- **EXERCISE GOAL**
Begin at the line that contains "East Lothian, Scotland, UK" and reproduce it along with every line after it to the end of the listing; skip any pictures.

- **TASK INPUTS**
• • • • •
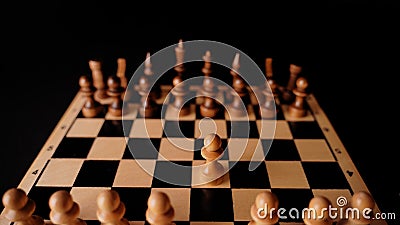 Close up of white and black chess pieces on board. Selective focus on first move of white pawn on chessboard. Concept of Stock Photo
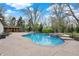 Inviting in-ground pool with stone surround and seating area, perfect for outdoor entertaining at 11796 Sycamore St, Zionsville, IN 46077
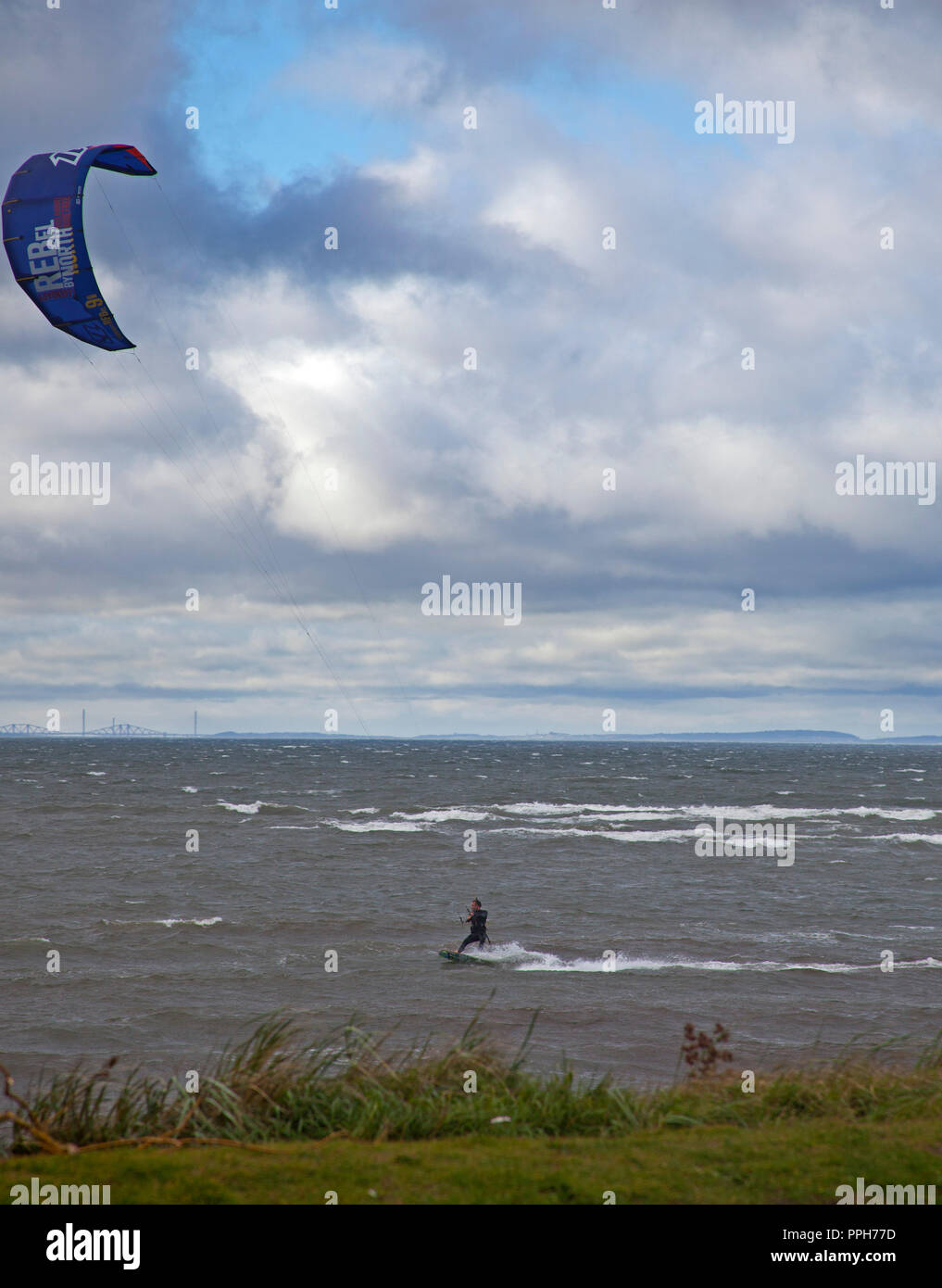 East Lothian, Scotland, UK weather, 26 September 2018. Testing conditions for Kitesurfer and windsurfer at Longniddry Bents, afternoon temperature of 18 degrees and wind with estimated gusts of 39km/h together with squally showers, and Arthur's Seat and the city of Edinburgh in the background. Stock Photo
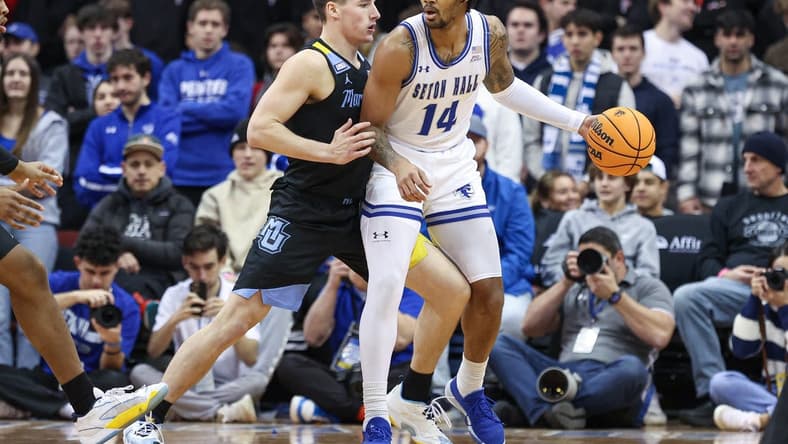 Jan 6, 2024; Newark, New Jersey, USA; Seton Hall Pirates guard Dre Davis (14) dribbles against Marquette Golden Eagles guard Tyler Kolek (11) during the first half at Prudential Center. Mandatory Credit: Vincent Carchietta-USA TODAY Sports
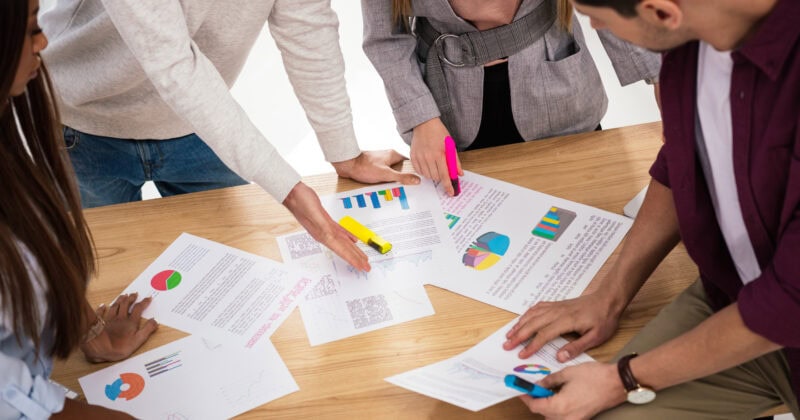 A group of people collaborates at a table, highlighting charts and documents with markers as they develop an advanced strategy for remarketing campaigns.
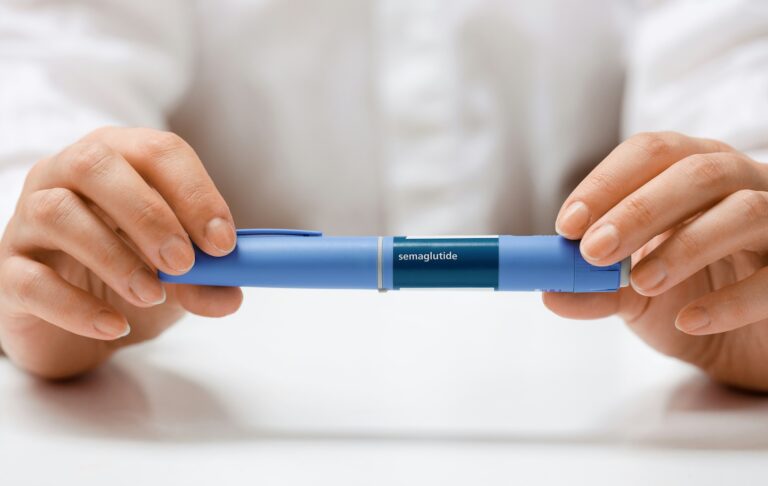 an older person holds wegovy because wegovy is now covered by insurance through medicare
• • • • •
- **FINISHED EXERCISE**
 East Lothian, Scotland, UK weather, 26 September 2018. Testing conditions for Kitesurfer and windsurfer at Longniddry Bents, afternoon temperature of 18 degrees and wind with estimated gusts of 39km/h together with squally showers, and Arthur's Seat and the city of Edinburgh in the background. Stock Photo
 Jan 6, 2024; Newark, New Jersey, USA; Seton Hall Pirates guard Dre Davis (14) dribbles against Marquette Golden Eagles guard Tyler Kolek (11) during the first half at Prudential Center. Mandatory Credit: Vincent Carchietta-USA TODAY Sports
 A group of people collaborates at a table, highlighting charts and documents with markers as they develop an advanced strategy for remarketing campaigns.
 an older person holds wegovy because wegovy is now covered by insurance through medicare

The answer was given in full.